**Work order:**
Using the listing below, retype only the lines from the line with "Microscopic Video Contest" through the end, both ends included, and exclude the pictures.

**Available data:**
--*--

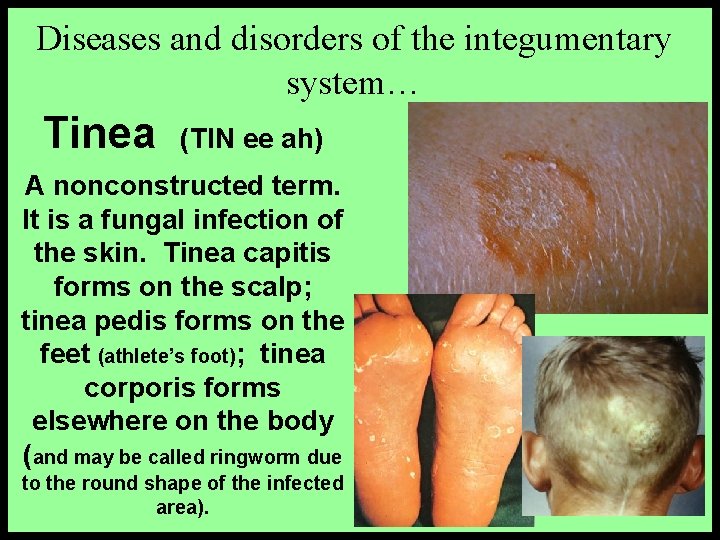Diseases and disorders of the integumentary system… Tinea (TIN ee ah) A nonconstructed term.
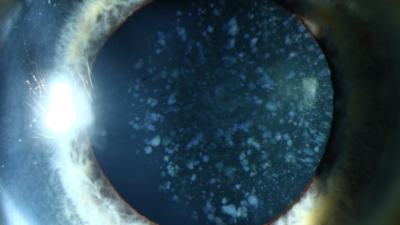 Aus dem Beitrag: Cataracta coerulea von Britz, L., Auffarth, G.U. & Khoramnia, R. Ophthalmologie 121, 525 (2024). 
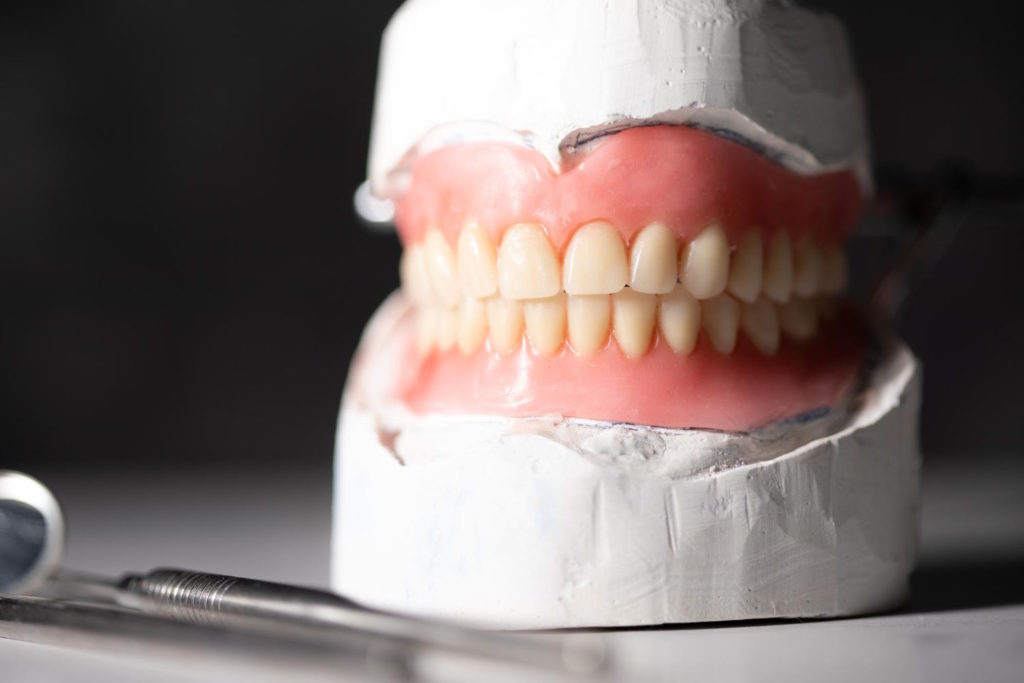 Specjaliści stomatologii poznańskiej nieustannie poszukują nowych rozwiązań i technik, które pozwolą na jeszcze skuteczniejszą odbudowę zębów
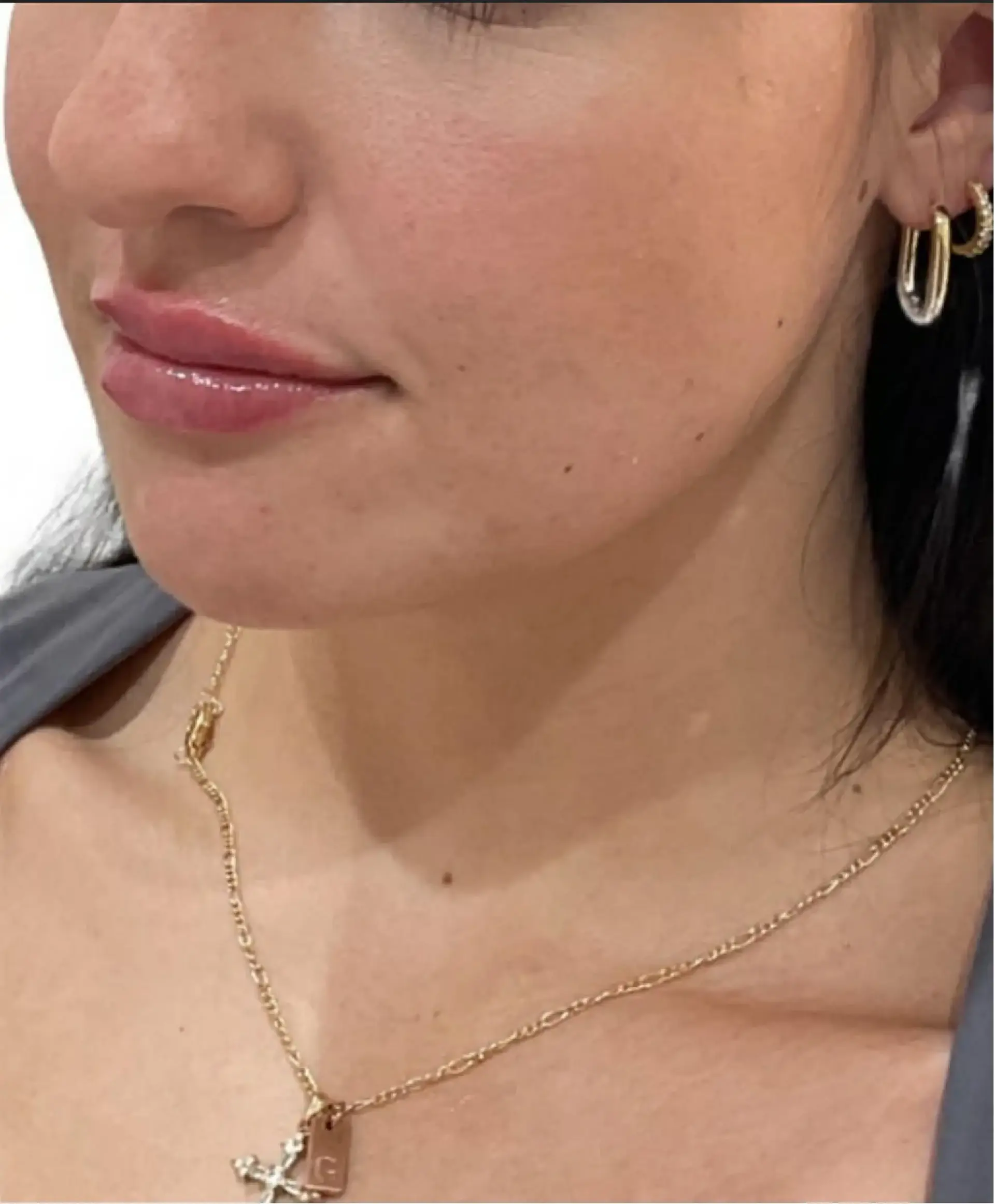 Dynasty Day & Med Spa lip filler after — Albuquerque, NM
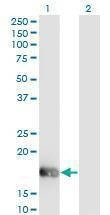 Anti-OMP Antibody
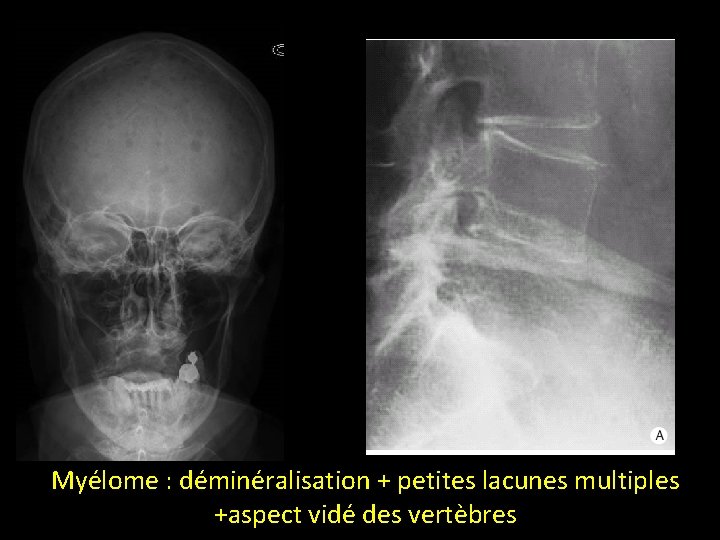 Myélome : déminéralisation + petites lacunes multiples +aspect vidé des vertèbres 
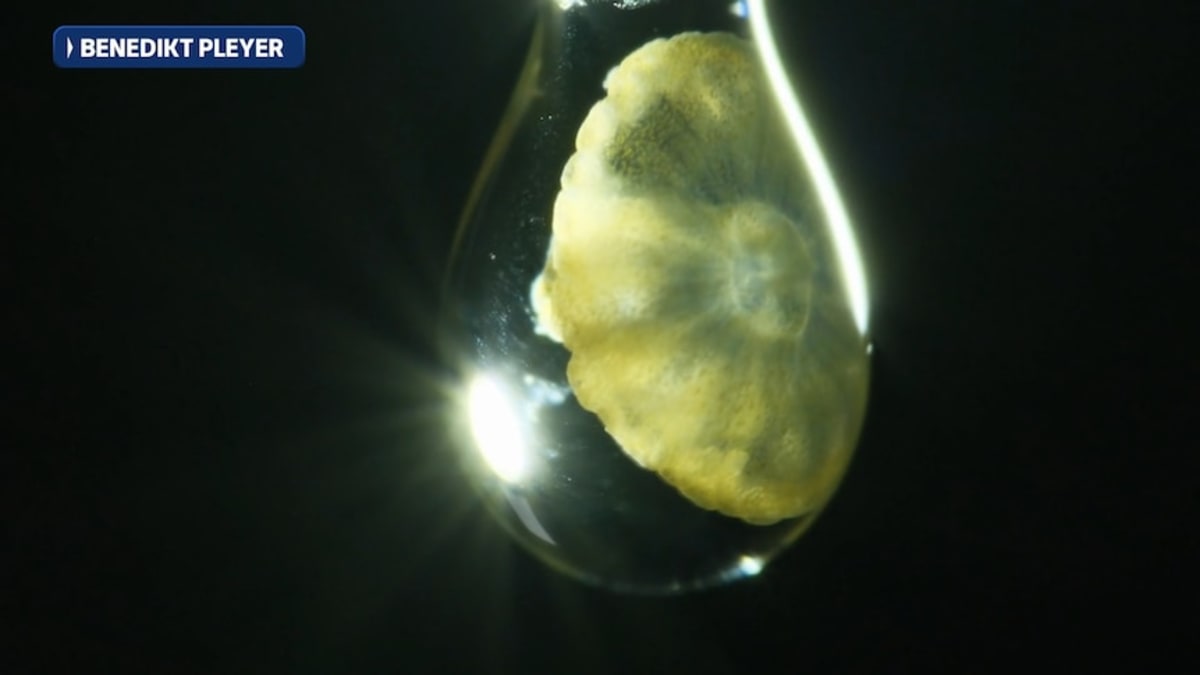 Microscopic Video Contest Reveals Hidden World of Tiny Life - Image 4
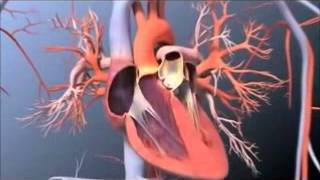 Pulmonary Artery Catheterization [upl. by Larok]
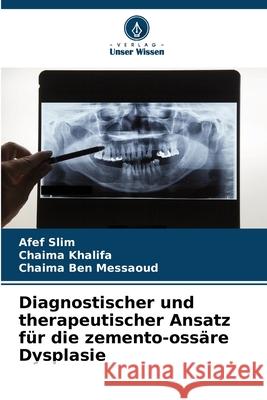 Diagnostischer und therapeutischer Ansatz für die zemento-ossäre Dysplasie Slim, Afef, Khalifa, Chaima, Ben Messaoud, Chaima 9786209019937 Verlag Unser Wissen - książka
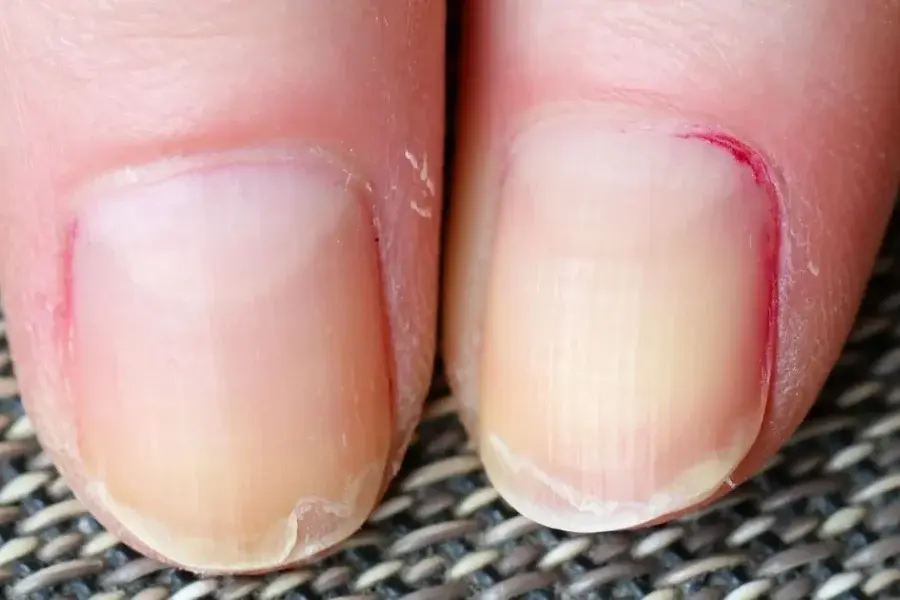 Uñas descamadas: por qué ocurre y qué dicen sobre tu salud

--*--

**Result of the task:**
 Microscopic Video Contest Reveals Hidden World of Tiny Life - Image 4
 Pulmonary Artery Catheterization [upl. by Larok]
 Diagnostischer und therapeutischer Ansatz für die zemento-ossäre Dysplasie Slim, Afef, Khalifa, Chaima, Ben Messaoud, Chaima 9786209019937 Verlag Unser Wissen - książka
 Uñas descamadas: por qué ocurre y qué dicen sobre tu salud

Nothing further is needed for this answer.